How about a short summary of some of the highlights while at Red Hat before I move on to a new adventure? 

I'll try to capture the big milestones, but there are just so many that I'm sure to miss a few. 

It's a moment of reflection on more than a decade spent in the world of enterprise open source technologies and riding a wave that was Red Hat in the prime of its evolution in the industry.

I have been involved in open source since my introduction late in life to programming, operating systems, and Linux in 1996. Before joining Red Hat I was involved in the community around a business process management project called jBPM. We were using this heavily in the financial institution I was working at and I became active as you do when you submerge yourself into an open source technology.

In those days it was still jBPM 3 and we were having the time of our lives learning to model and implement processes. We even went crazy with a jBPM exception framework, to just give you an example of what we thought was possible back in those days. 


It all led to Red Hat knocking on my door in 2009 to join the Netherlands team as their first middleware (JBoss) solution architect. 

At the time I joined I remember the SA team was about 15 associates across Europe, Red Hat had around 2000 associates world wide, and the stock price was between $22-$24 (later sold to IBM for $190). 

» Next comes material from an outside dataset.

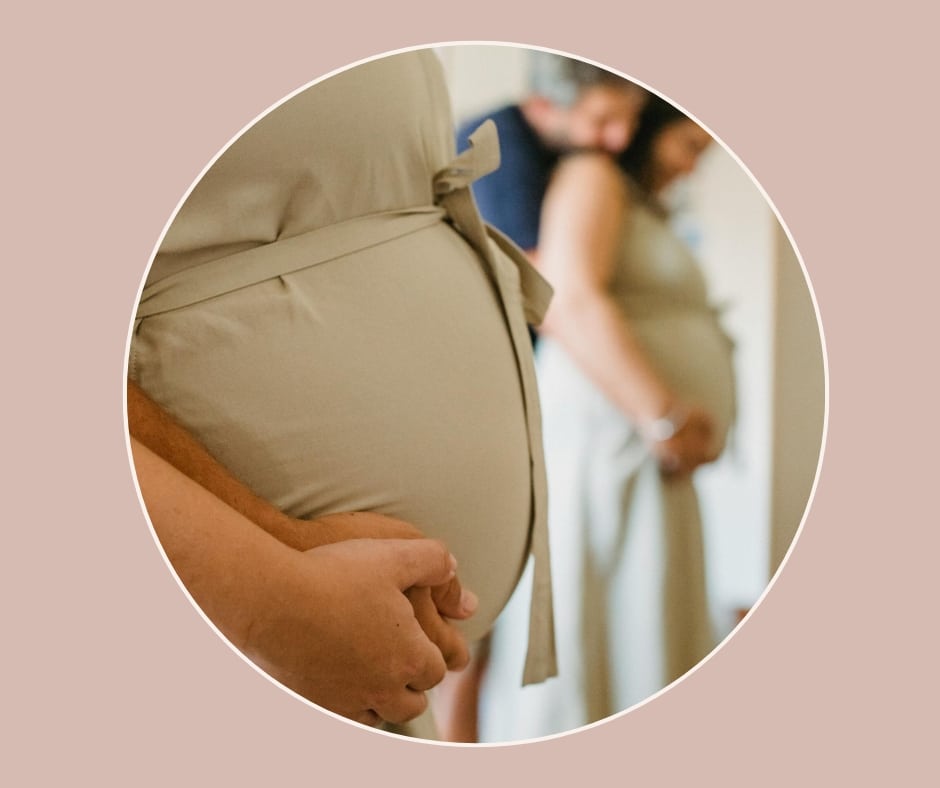 Nahaufnahme eines schwangeren Bauchs mit sanft gefalteten Händen, im Hintergrund weitere Schwangere – Szene aus einem Geburtsvorbereitungskurs.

It was incredible fun and there was a very active start up feel to what we were doing. My experiences with JBoss technologies and specifically the Business Rules Management System (BRMS) led to me spending more time across Europe helping other sales teams than in my own region. I was also still active in the community around those products, meaning Drools, jBPM, and other JBoss projects upstream. 

This role I held for approximately three years before the product orgnanization came knocking. My contacts in the product teams led to my being asked to join the Middleware Business Unit as one of their first MW Technical Marketing Managers or TMM. At this time I think we had like 4-5 products so one person could manage the role. I ended up spending around four years in this role and we grew not only our MW product portfolio, but the team eventually grew out to five TMM's before I moved on. 

We worked on products like JBoss SOA-P, Switchyard, JBoss Virtualization, JBoss BPM Suite, the first versions of OpenShift (remember gears?), and so much more. This role required enablement sessions being delivered to the field and we visited all our regional offices; APAC (Singapore, Tokyo, Beijing), EMEA (Munich, London, Stockholm, Madrid, Amsterdam, Brussels, Rome, Warsaw, etc), NA (Boston, Dallas, Raleigh, Mountain View, Portland, St. Louis, Tampa, etc), and LATAM (Mexico City, San Paulo, etc). 

Right at the end of that role I got the chance to move to the US, out on an island off the coast of North Carolina for a year. Quite the adventure and my family loved every minute of our island time.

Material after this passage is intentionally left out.